The answer to this question is exactly what was postulated in the comments. From your code you can include the krb5.h header. This will give you access to the functions that make up the Kerberos code base.

Below is a toy example that is adapted from the documentation.

#include <string.h>
#include <krb5.h>

int main(void)
{
    krb5_error_code ret;
    krb5_creds creds;
    krb5_principal client_princ = NULL;

    krb5_context context;
    const char* princname = "user@REALM";
    const char* password = "secret";

    krb5_init_context(&context);

    memset(&creds, 0, sizeof(creds));
    ret = krb5_parse_name(context, princname, &client_princ);
    if (ret)
        goto cleanup;
    ret = krb5_get_init_creds_password(context, &creds, client_princ,
                                       password, NULL, NULL, 0, NULL, NULL);
    if (ret)
        goto cleanup;
    ret = krb5_verify_init_creds(context, &creds, NULL, NULL, NULL, NULL);

    /* do things with the ticket (&creds) here */

    cleanup:
    krb5_free_principal(context, client_princ);
    krb5_free_cred_contents(context, &creds);

    return 0;
}

The function krb5_init_context() is what reads your configuration file and honours the MEMORY: ccache type. The obtained ticket will then be stored in this processes memory space.
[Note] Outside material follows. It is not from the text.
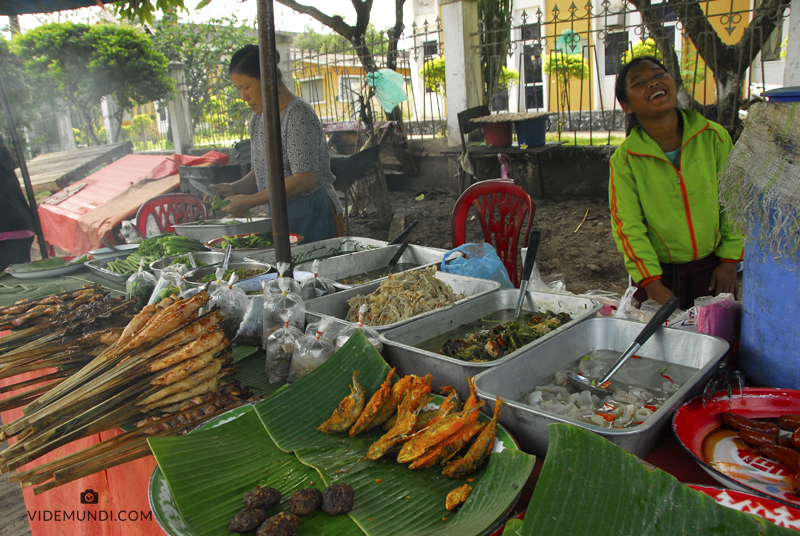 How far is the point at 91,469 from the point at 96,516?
0.96 metres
This code does indeed obtain a TGT. We can verify this by taking a packet capture while it runs. We can also just dump the memory of this process and verify that the TGT is contained in it.

Answer 2

The manual talks about kadmin example. It can be invoked either as a CLI with normal tickets in KEYRING or in FILEs. The other possibility is to run the commands interactively in kerberos "shell". In that case, the ticket is stored in the memory of the process where it is "more secure" and it is automatically cleaned up as the process ends.

The same way kerberos tickets and operations can be accessed from other applications using already mentioned "header" files, generally using so called GSSAPI (gssapi.h). Not completely answer to your question, but this is the way how the keberos primitives are accessed in the OpenSSH to access local kerberos ticket and authenticate to the remote server (in this case the MEMORY type would not be useful).